(Caption-style text data)
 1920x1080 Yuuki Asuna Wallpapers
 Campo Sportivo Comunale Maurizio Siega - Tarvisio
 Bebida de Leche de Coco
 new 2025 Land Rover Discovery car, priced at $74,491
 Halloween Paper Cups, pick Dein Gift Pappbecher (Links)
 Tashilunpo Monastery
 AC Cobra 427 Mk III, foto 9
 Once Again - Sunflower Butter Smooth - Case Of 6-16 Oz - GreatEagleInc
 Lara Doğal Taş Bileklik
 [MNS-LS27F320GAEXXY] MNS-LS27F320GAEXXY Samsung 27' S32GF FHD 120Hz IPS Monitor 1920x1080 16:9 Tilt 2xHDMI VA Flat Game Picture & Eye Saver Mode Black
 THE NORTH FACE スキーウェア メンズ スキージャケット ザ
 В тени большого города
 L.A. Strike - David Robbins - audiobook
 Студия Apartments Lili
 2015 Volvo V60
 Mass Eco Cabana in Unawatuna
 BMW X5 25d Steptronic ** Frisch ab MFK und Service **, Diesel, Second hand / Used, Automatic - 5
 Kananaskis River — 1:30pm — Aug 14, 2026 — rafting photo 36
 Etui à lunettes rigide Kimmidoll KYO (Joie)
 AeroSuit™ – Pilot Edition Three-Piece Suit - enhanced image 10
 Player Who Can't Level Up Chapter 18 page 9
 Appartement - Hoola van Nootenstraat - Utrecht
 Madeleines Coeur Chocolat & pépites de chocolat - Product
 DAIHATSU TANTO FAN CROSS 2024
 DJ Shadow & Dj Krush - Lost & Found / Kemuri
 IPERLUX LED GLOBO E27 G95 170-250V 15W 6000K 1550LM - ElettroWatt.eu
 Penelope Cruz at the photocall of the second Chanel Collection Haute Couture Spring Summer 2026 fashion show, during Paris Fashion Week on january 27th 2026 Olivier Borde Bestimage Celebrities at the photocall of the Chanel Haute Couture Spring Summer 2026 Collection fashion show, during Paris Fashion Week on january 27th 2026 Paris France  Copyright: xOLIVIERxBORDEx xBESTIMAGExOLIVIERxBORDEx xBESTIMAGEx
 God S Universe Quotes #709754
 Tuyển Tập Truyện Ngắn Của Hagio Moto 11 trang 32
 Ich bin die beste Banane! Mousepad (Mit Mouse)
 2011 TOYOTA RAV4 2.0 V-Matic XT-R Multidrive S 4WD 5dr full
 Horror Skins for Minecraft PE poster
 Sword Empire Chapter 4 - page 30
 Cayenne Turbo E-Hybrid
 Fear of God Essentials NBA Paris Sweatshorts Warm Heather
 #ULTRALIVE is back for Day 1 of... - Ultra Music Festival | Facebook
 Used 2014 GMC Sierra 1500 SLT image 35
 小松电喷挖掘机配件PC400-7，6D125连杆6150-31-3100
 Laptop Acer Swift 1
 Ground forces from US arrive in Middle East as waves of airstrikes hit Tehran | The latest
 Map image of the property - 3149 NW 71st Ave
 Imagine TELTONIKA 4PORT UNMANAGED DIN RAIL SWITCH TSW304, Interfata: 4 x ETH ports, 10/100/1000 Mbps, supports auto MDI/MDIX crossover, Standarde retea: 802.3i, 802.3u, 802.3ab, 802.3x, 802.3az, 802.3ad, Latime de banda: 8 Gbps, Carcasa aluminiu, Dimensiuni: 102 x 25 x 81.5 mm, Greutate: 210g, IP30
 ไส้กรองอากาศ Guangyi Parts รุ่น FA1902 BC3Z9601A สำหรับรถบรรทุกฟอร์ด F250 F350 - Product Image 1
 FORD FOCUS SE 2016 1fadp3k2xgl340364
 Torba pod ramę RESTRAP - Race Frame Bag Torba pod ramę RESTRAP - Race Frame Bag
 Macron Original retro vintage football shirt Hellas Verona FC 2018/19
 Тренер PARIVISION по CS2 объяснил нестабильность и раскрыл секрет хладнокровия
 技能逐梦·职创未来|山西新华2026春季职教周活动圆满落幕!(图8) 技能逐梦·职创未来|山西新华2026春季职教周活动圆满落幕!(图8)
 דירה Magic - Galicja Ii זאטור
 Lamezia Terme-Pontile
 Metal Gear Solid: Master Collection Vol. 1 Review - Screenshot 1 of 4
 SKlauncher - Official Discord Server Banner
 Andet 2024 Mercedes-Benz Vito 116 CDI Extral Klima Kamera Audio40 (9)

Directions for this task:
Would you please transcribe the records above in full and exactly?

Response area:
 1920x1080 Yuuki Asuna Wallpapers
 Campo Sportivo Comunale Maurizio Siega - Tarvisio
 Bebida de Leche de Coco
 new 2025 Land Rover Discovery car, priced at $74,491
 Halloween Paper Cups, pick Dein Gift Pappbecher (Links)
 Tashilunpo Monastery
 AC Cobra 427 Mk III, foto 9
 Once Again - Sunflower Butter Smooth - Case Of 6-16 Oz - GreatEagleInc
 Lara Doğal Taş Bileklik
 [MNS-LS27F320GAEXXY] MNS-LS27F320GAEXXY Samsung 27' S32GF FHD 120Hz IPS Monitor 1920x1080 16:9 Tilt 2xHDMI VA Flat Game Picture & Eye Saver Mode Black
 THE NORTH FACE スキーウェア メンズ スキージャケット ザ
 В тени большого города
 L.A. Strike - David Robbins - audiobook
 Студия Apartments Lili
 2015 Volvo V60
 Mass Eco Cabana in Unawatuna
 BMW X5 25d Steptronic ** Frisch ab MFK und Service **, Diesel, Second hand / Used, Automatic - 5
 Kananaskis River — 1:30pm — Aug 14, 2026 — rafting photo 36
 Etui à lunettes rigide Kimmidoll KYO (Joie)
 AeroSuit™ – Pilot Edition Three-Piece Suit - enhanced image 10
 Player Who Can't Level Up Chapter 18 page 9
 Appartement - Hoola van Nootenstraat - Utrecht
 Madeleines Coeur Chocolat & pépites de chocolat - Product
 DAIHATSU TANTO FAN CROSS 2024
 DJ Shadow & Dj Krush - Lost & Found / Kemuri
 IPERLUX LED GLOBO E27 G95 170-250V 15W 6000K 1550LM - ElettroWatt.eu
 Penelope Cruz at the photocall of the second Chanel Collection Haute Couture Spring Summer 2026 fashion show, during Paris Fashion Week on january 27th 2026 Olivier Borde Bestimage Celebrities at the photocall of the Chanel Haute Couture Spring Summer 2026 Collection fashion show, during Paris Fashion Week on january 27th 2026 Paris France  Copyright: xOLIVIERxBORDEx xBESTIMAGExOLIVIERxBORDEx xBESTIMAGEx
 God S Universe Quotes #709754
 Tuyển Tập Truyện Ngắn Của Hagio Moto 11 trang 32
 Ich bin die beste Banane! Mousepad (Mit Mouse)
 2011 TOYOTA RAV4 2.0 V-Matic XT-R Multidrive S 4WD 5dr full
 Horror Skins for Minecraft PE poster
 Sword Empire Chapter 4 - page 30
 Cayenne Turbo E-Hybrid
 Fear of God Essentials NBA Paris Sweatshorts Warm Heather
 #ULTRALIVE is back for Day 1 of... - Ultra Music Festival | Facebook
 Used 2014 GMC Sierra 1500 SLT image 35
 小松电喷挖掘机配件PC400-7，6D125连杆6150-31-3100
 Laptop Acer Swift 1
 Ground forces from US arrive in Middle East as waves of airstrikes hit Tehran | The latest
 Map image of the property - 3149 NW 71st Ave
 Imagine TELTONIKA 4PORT UNMANAGED DIN RAIL SWITCH TSW304, Interfata: 4 x ETH ports, 10/100/1000 Mbps, supports auto MDI/MDIX crossover, Standarde retea: 802.3i, 802.3u, 802.3ab, 802.3x, 802.3az, 802.3ad, Latime de banda: 8 Gbps, Carcasa aluminiu, Dimensiuni: 102 x 25 x 81.5 mm, Greutate: 210g, IP30
 ไส้กรองอากาศ Guangyi Parts รุ่น FA1902 BC3Z9601A สำหรับรถบรรทุกฟอร์ด F250 F350 - Product Image 1
 FORD FOCUS SE 2016 1fadp3k2xgl340364
 Torba pod ramę RESTRAP - Race Frame Bag Torba pod ramę RESTRAP - Race Frame Bag
 Macron Original retro vintage football shirt Hellas Verona FC 2018/19
 Тренер PARIVISION по CS2 объяснил нестабильность и раскрыл секрет хладнокровия
 技能逐梦·职创未来|山西新华2026春季职教周活动圆满落幕!(图8) 技能逐梦·职创未来|山西新华2026春季职教周活动圆满落幕!(图8)
 דירה Magic - Galicja Ii זאטור
 Lamezia Terme-Pontile
 Metal Gear Solid: Master Collection Vol. 1 Review - Screenshot 1 of 4
 SKlauncher - Official Discord Server Banner
 Andet 2024 Mercedes-Benz Vito 116 CDI Extral Klima Kamera Audio40 (9)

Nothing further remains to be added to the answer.